Les balades racontent la montée en puissance puis le déclin du royaume de Mahikawati ou Mahim.
Selon la chronique, en 1138, Raja Pratap Bimba d’une maison royale dans le Gujarat conquit le territoire s’étendant de Daman (sur la côte Gujarati) à Bombay. Son fils établit sa première capitale à Kelwe Mahim (actuellement Thane) et y fit venir des gens de plusieurs parties du Gujarat. Le nom de Mahim proviendrait de son nom, Mahi Bimba.
Mais, après avoir été attaqué plusieurs fois, il déplaça sa capitale plus au sud dans une île qu’il appela Mahim ou Mahikawati et où se trouve actuellement le quartier de Mahim. À l’époque, le royaume était connu sous le nom de royaume de Bimba, "Bimbastana".

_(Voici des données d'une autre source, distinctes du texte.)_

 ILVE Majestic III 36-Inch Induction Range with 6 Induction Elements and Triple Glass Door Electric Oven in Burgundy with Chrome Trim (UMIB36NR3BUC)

Les rois de Bimba construisirent un temple en hommage à leur déesse, Prabhavati ou Prabhadevi à côté de leur palais. Le temple a été reconstruit plusieurs fois mais existe toujours dans le quartier de Prabhadevi à côté du temple Siddhivinayak. La cour de justice du royaume se situait à Dadar.
Le recueil de balades, le “Bakhar”, raconte aussi la chute du royaume de Bimba lorsqu’il fut envahi par l’armée du sultanat de Delhi en 1348, mais le récit enchaine sur les années suivantes jusqu’à l’arrivée des Portugais à Vasai, au nord de Mumbai.
Les villages du royaume de Bimba, des quartiers de l'actuelle Mumbai
De nombreux noms d’emplacements actuels à Bombay sont cités dans le “Bakhar” comme les villages de Juhu, Khar, Mulund, Bhandup et Chembur.
On y entend aussi parler du temple de Walukeshwar (Walkeshwar), Prabahvati (Prabhadevi) et Muteshwara (sur l’île de Madh).
Les noms de ces endroits indiquent l’activité qui y était pratiquée : on produisait du sel à Khar (qui signifie littéralement terre saline). Mahim était un port très actif et Gobhandar (actuellement Thane), un centre de commerce des chevaux. Malad et Marol étaient des provinces dynamiques sous l’administration de gouverneurs appelés “Desai” ou “Desala”.
Pendant de longues années, les historiens ne s’intéressèrent pas au “Bakhar” le considérant comme un simple recueil de légendes folkloriques. Mais, des découvertes récentes sembleraient prouver que les faits qui y sont relatés ont bien eu lieu. On a, par exemple, trouvé en 2016 des restes d’un temple qui daterait du XIe siècle dans le fort de Mahim.
Des étudiants de l’université de Mumbai ont aussi découvert une inscription dans le campus de Deonar (au nord-est de Bombay) qui daterait de 1368 et qui ferait référence à la région comme le “Mahim Bimbasta", "la terre de Bimba”, comme dans le “Bakhar”.
Aujourd’hui encore, peu de personnes se sont penchés sur le “Bakhar” et il n’est pas traduit en anglais. Sandeep Dahisarkar, spécialiste en histoire de l’art, est un des rares à l’avoir étudié et à avoir cherché des preuves matérielles qui corroboreraient les faits qui y sont rapportés. Selon lui :
Le Bakhar est extrêmement important pour comprendre la structure socio-économique de la région avant l’arrivée des Européens et la découverte de l’inscription dans le campus de Deonar tend à prouver la véracité des événements qui sont relatés.